Data supplied Block Start
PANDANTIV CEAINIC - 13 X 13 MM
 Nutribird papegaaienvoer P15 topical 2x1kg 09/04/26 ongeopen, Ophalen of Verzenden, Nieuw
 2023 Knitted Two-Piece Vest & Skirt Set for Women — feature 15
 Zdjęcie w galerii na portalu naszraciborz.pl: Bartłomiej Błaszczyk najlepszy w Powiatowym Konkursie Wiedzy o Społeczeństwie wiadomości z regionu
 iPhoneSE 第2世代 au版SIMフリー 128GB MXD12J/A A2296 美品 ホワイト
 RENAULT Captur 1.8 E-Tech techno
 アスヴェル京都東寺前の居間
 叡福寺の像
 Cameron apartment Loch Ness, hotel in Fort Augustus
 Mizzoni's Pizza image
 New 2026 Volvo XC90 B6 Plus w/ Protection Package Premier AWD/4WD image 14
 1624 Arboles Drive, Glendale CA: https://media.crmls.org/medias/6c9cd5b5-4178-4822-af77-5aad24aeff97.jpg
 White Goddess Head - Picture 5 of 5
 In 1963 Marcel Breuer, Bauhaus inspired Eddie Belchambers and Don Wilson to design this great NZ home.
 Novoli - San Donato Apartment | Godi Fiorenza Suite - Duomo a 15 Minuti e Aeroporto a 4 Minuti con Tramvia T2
Data supplied Block End
■ **Instructions for the task**: Could you print the lines of the records above from the one containing "Mizzoni's Pizza image" through the last, exactly and with no additions?

■ **Answer for this exercise**:
 Mizzoni's Pizza image
 New 2026 Volvo XC90 B6 Plus w/ Protection Package Premier AWD/4WD image 14
 1624 Arboles Drive, Glendale CA: https://media.crmls.org/medias/6c9cd5b5-4178-4822-af77-5aad24aeff97.jpg
 White Goddess Head - Picture 5 of 5
 In 1963 Marcel Breuer, Bauhaus inspired Eddie Belchambers and Don Wilson to design this great NZ home.
 Novoli - San Donato Apartment | Godi Fiorenza Suite - Duomo a 15 Minuti e Aeroporto a 4 Minuti con Tramvia T2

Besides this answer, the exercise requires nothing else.